As the bank revealed surging first-quarter profits in New York, London's Financial Services Authority (FSA) watchdog said it would probe fraud charges announced last week by the US Securities and Exchange Commission (SEC).
The two investigations concern complex instruments and trading positions related to the high-risk end of the US mortgage market which triggered the global financial crisis.
"Following preliminary investigations, the FSA has decided to commence a formal enforcement investigation into Goldman Sachs International in relation to recent SEC allegations," Britain's financial regulator said.
"The FSA will be liaising closely with the SEC in this review," it added in a brief statement.
Goldman, which employs about 5,500 staff in London, undertook to cooperate with the British probe following US fraud charges which it has again dismissed as "unfounded".
The bank said in a statement emailed to AFP: "We believe the SEC's charges are completely unfounded in law and fact, and look forward to cooperating with the FSA."
Last week the US Securities and Exchange Commission (SEC) filed a civil suit against Goldman, alleging it allowed a leading hedge fund to put together a product for investors, which the fund was at the same time betting against.
Hours after the FSA announcement, the embattled US investment firm posted soaring first-quarter profits of 3.46 billion dollars (2.56 billion euros).
The company has vigorously denied any fraud as it seeks to defend its reputation as Wall Street's most stable finance house.
But Tuesday's results threaten to be overshadowed by the probes in London and New York.
"The FSA involvement suggests that this story has legs, and while it will be a long time before there is any resolution, it will certainly give US legislators a pile of regulatory ammunition," said GFT analyst David Morrison.
He also warned: "If the net widens to cover other financial institutions and other investment products, then the implications may not yet be priced into equity markets."
The British probe also comes just days after Prime Minister Gordon Brown blasted Goldman Sachs over what he called its "moral bankruptcy".
Brown, whose Labour Party is battling to hold onto power at a general election due on May 6, had Sunday said the US charge against Goldman underlined the need for more reform of the international banking system.

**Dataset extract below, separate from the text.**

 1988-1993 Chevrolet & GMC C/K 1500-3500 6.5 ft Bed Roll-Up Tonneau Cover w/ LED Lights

The Sunday Times newspaper reported over the weekend that Goldman was planning to pay staff a bonus pool worth 3.5 billion pounds (4.0 billion euros, 5.3 billion dollars) for work achieved in the first quarter of this year.
"I am shocked at this moral bankruptcy. This is probably one of the worst cases that we have seen," Brown told BBC television on Sunday.

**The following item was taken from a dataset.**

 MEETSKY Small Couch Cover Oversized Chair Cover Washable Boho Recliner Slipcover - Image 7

Regarding the alleged happenings at Goldman Sachs, he added: "Hundreds of millions of pounds have been traded here and it looks as if people were misled about what happened."
The SEC has accused Goldman Sachs of "defrauding investors by misstating and omitting key facts" about a product which was based on subprime mortgage-backed securities.
The SEC said that Goldman had failed to tell investors that a major hedge fund had helped put together the controversial financial product known as collateralized debt obligation (CDO) and was at the same time taking trading positions against it.
Paulson & Co, one of the world's biggest hedge funds, paid Goldman Sachs to structure a transaction in which it could take speculative positions against mortgage securities chosen by the fund, according to the commission.
The SEC alleged that investors -- including the Royal Bank of Scotland -- had lost about one billion dollars as a result of the alleged fraud.
RBS was subsequently bailed out by the British taxpayer at the height of the global financial crisis, and is now 84-percent owned by the state.